Exercise instructions → The required result is an exact copy of every line from the one with "Апартаменты в Торревьехе" through the last line below, with the pictures left out.
━━ Dataset entries
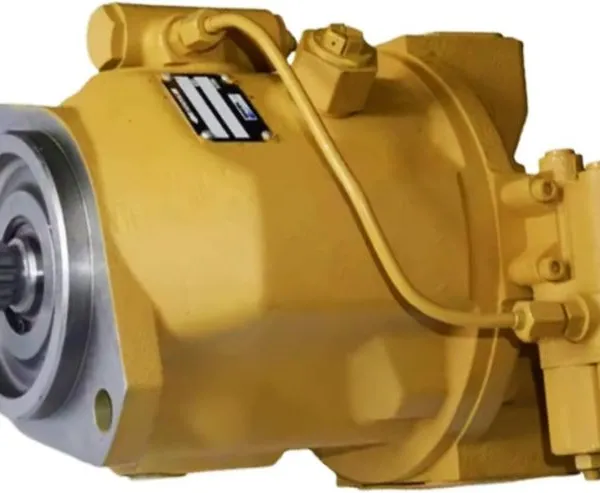Cat 244-2228 10R-8770 Hydraulic Piston Pump Assembly for Caterpillar 420D/430D Backhoe Loader Heavy Duty 150 HP 2 photo-2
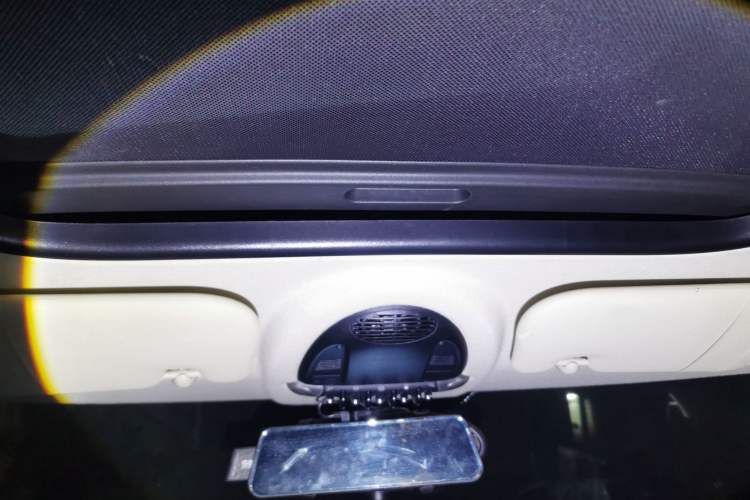 Used MINI Clubman 2011 1.6L COOPER Fun Headliner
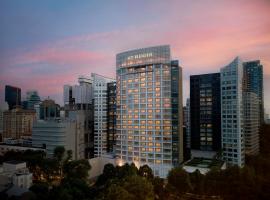 The St. Regis Singapore，位于新加坡的酒店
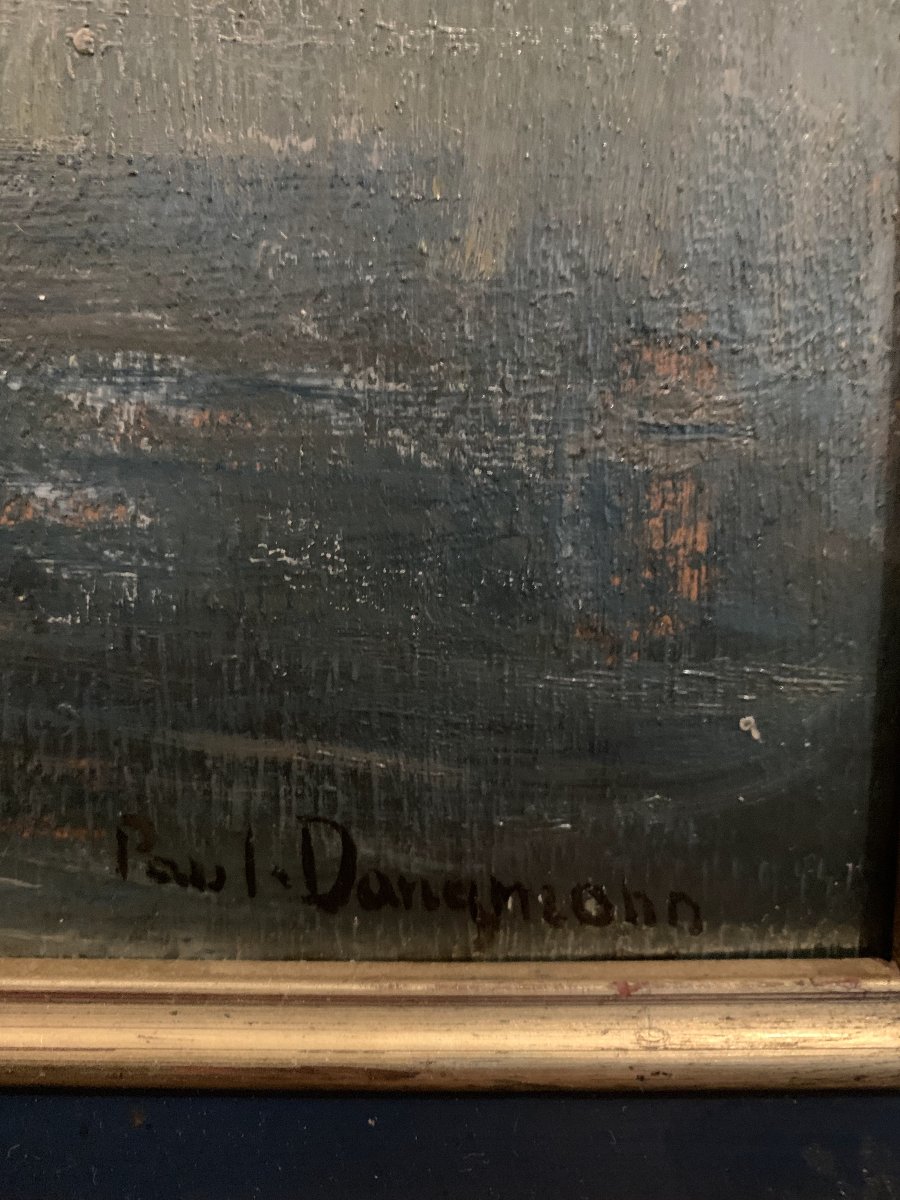 “old Lyon” By Paul Dangmann (1899–1974)-photo-2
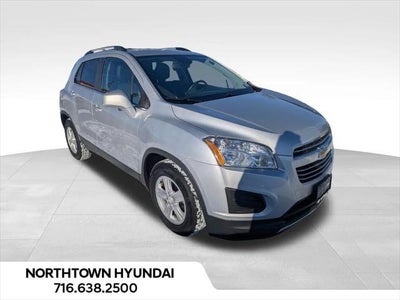 2016 Chevrolet Trax LT 4DR Crossover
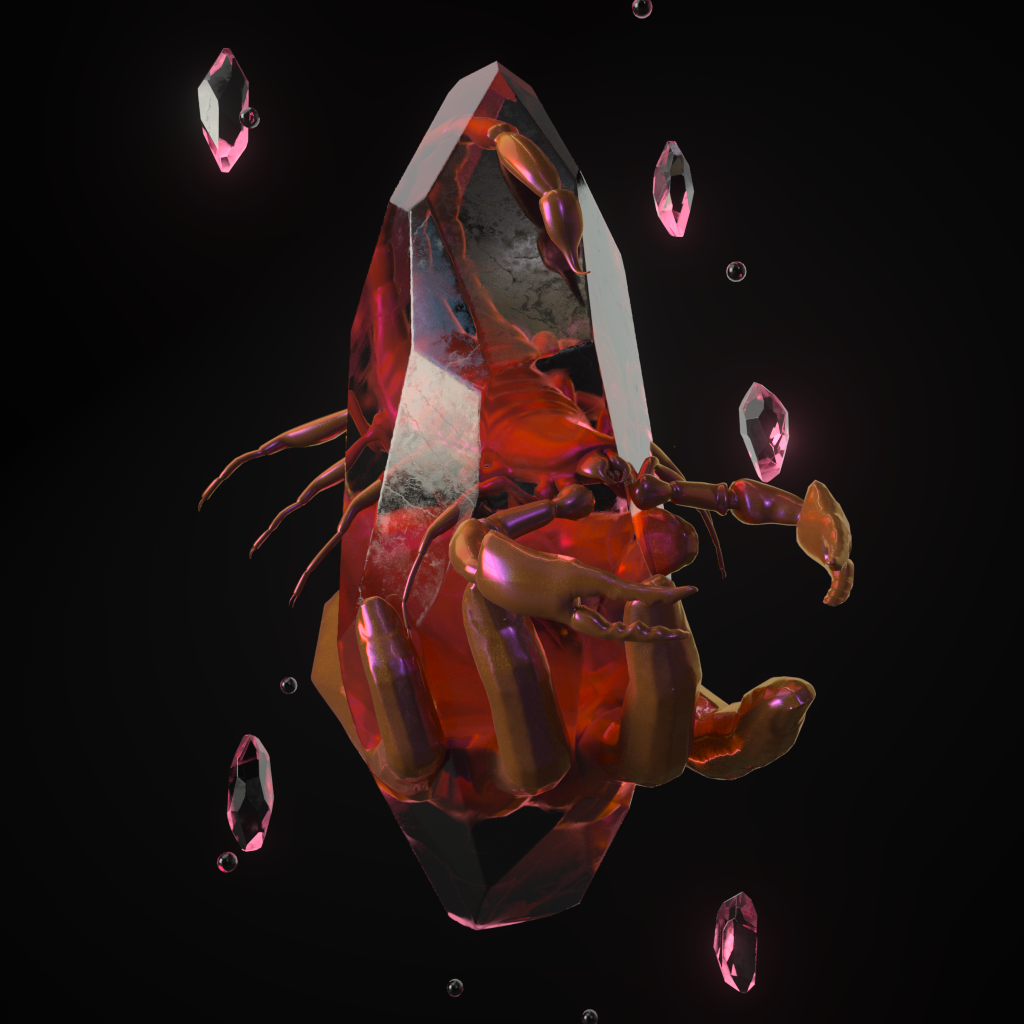 FVCK_CRYSTAL// #269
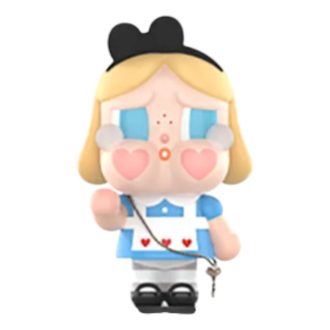 Crybaby Crying Again Figuras “Ela é Alice”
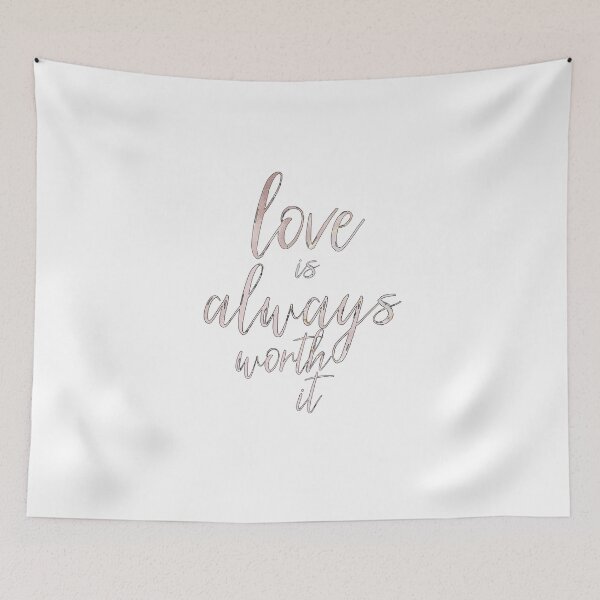 Item preview, HTTYD-Inspired "Love is Always Worth It" designed and sold by mulberrydragon.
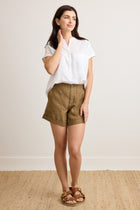 Palmer Linen Short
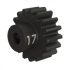 Traxxas Motordrev (Pinion) Härdat Stål 17T 32P Traxxas Motordrev (Pinion) Härdat Stål 17T 32P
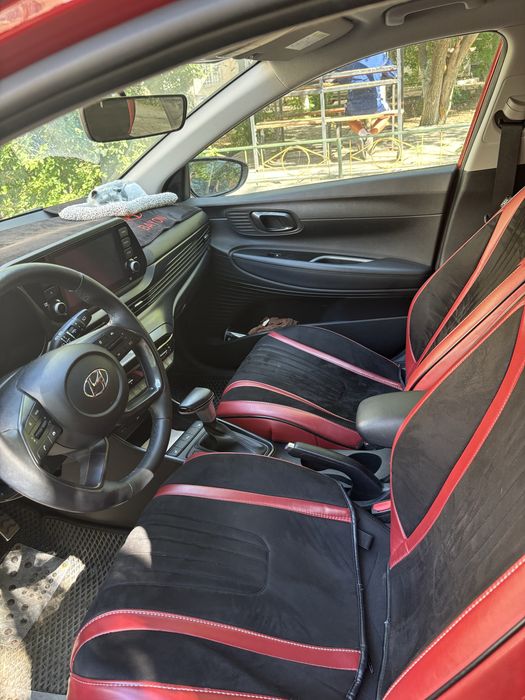 Продам Hyundai Bayon 2023 года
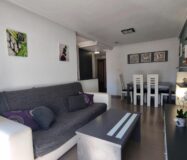 Апартаменты в Торревьехе 75 кв.м с террасой 700 м до моря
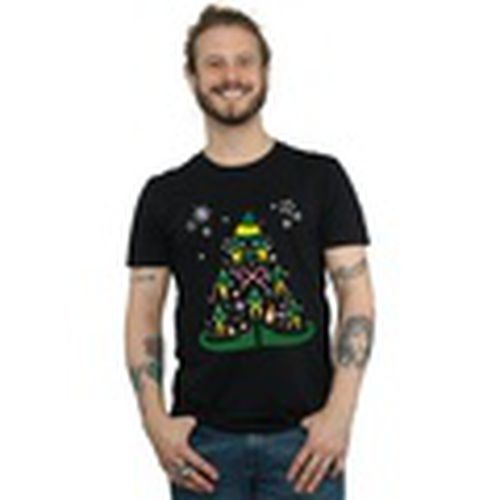 Camiseta manga larga Christmas Tree para hombre - Elf - Modalova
━━━━
Answer box →
 Апартаменты в Торревьехе 75 кв.м с террасой 700 м до моря
 Camiseta manga larga Christmas Tree para hombre - Elf - Modalova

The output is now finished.